No worries. Just be sure to introduce carbs slowly back into your diet when you are done with CKD or you will gain fat quickly.

I learnt that the hard way ha. Went straight from 2000 cals CKD to 3000 cals Carb Cycling, 6 months later and I was 15kg heavier. Oops


----------



## sawyer1 (May 16, 2012)

cheers fellas! tomoz... im going ****ing wild lmao .... tbh keto diet is frikkin awesome! .... cud stay on it for the rest of my life.... when i hit my goal i intened to do it for ever and have a carb up day once a week....


----------



## Bull Terrier (May 14, 2012)

anab0lic said:


> You don't need to carb up at all if you are running a keto diet properly....

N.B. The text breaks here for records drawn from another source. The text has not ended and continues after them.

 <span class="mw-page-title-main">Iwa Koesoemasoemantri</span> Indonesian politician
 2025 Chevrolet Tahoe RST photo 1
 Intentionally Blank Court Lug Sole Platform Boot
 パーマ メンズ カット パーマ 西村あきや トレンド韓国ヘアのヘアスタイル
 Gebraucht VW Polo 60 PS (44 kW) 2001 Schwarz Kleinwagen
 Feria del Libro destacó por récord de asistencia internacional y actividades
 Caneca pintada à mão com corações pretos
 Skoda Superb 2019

Can you explain that a bit better?


----------



## Matt 1 (May 8, 2010)

anab0lic said:


> You don't need to carb up at all if you are running a keto diet properly....

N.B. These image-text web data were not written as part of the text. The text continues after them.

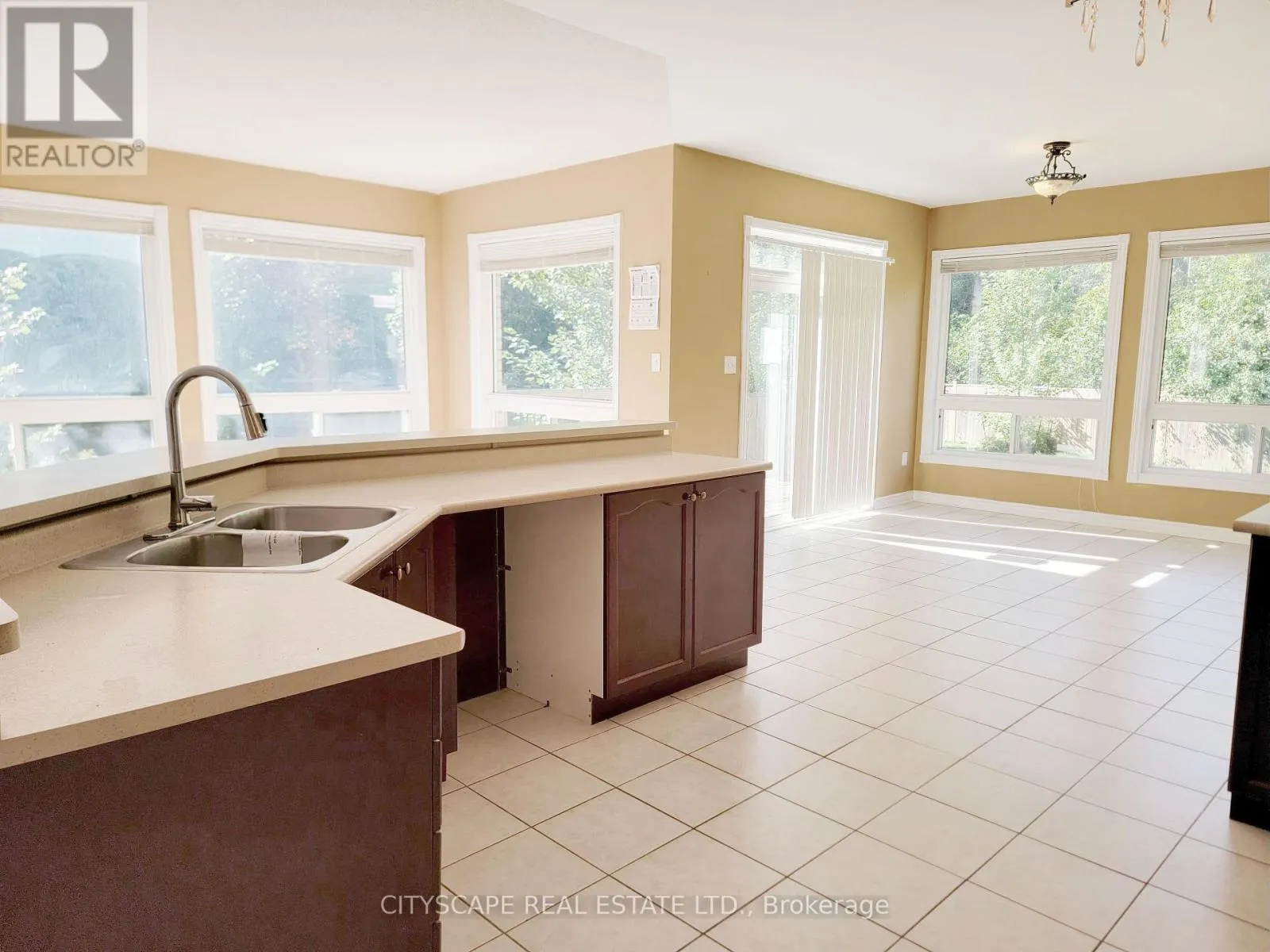 6 CHERRY SANDS CRESCENT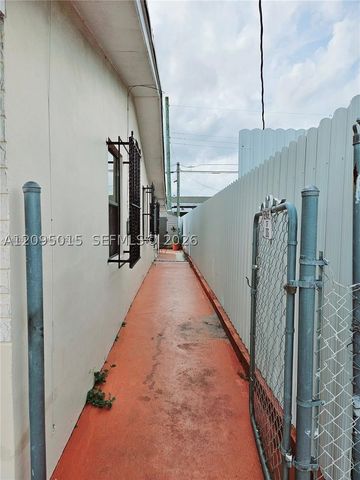 4596 E 8th Ct, Hialeah, FL 33013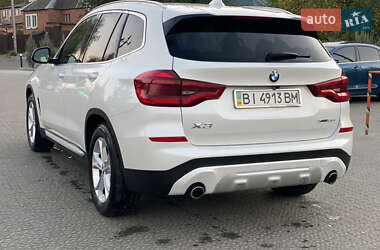 Внедорожник / Кроссовер BMW X3 2018 в 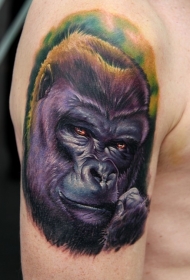 手臂漂亮的写实彩色大猩猩纹身图案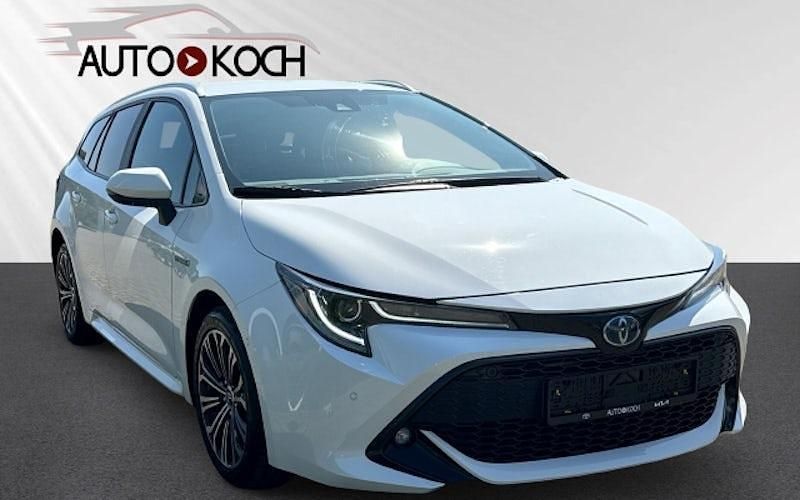 Weiß Gebraucht 2019 Toyota Corolla Club Kombi | 16.990 € (Fairer Preis) - Bild 1/4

True, if you get enough fats in, you shouldn't feel tired

I think its good to carb up though, reset the body, shock it abit


----------



## Thunderstruck (Sep 20, 2010)

From my knowledge if your doing keto then theres no carb up but if you have a carb up day then i believe what you are doing sir is a ckd diet.

Yes thats right, ive been reading. :thumb:


----------